(Beginning of Data to examine)

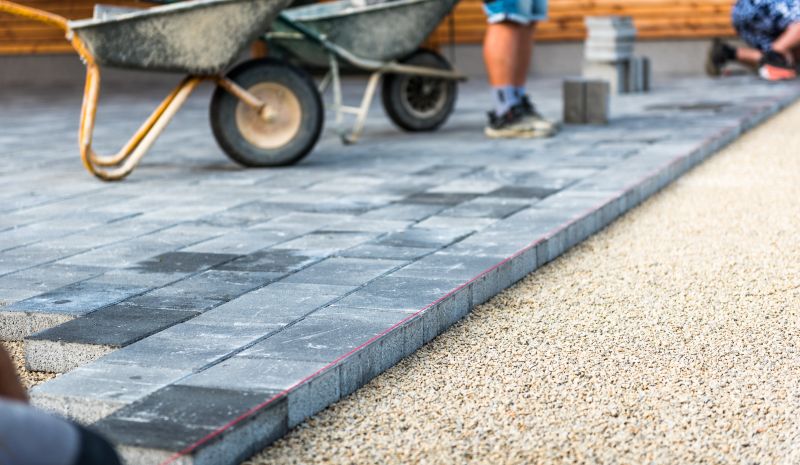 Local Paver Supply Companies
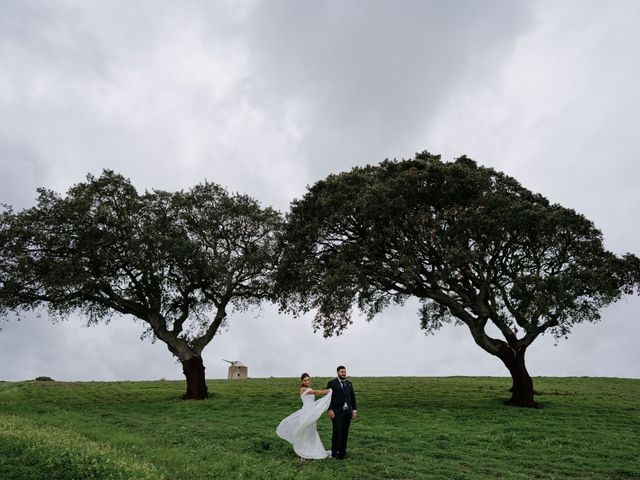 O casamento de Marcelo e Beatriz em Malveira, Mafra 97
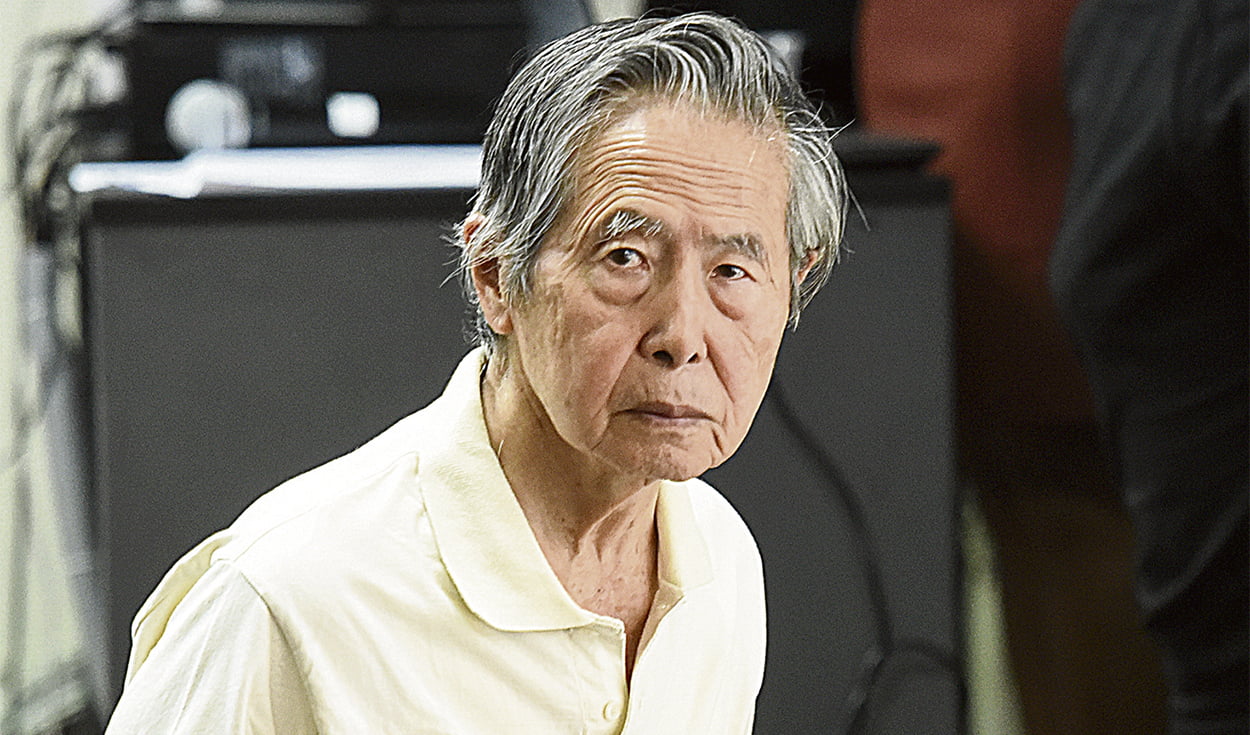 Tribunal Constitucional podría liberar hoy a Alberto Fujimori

(End of Data to examine)
(Beginning of Data to examine)

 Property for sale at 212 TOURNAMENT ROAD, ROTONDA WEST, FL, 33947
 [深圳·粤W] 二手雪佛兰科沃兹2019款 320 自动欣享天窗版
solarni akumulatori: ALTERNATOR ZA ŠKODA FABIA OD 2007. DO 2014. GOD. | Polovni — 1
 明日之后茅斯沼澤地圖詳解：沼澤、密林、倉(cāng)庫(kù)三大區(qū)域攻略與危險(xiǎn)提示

(End of Data to examine)
(Beginning of Data to examine)

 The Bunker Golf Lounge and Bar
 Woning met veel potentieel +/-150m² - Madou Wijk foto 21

(End of Data to examine)

### [Exercise brief]
Pictures do not belong in the answer. Return the lines above starting at the one with "O casamento de" and ending at the one with "Tribunal Constitucional podría", both kept, exactly.

### [Solution to the exercise]
 O casamento de Marcelo e Beatriz em Malveira, Mafra 97
 Tribunal Constitucional podría liberar hoy a Alberto Fujimori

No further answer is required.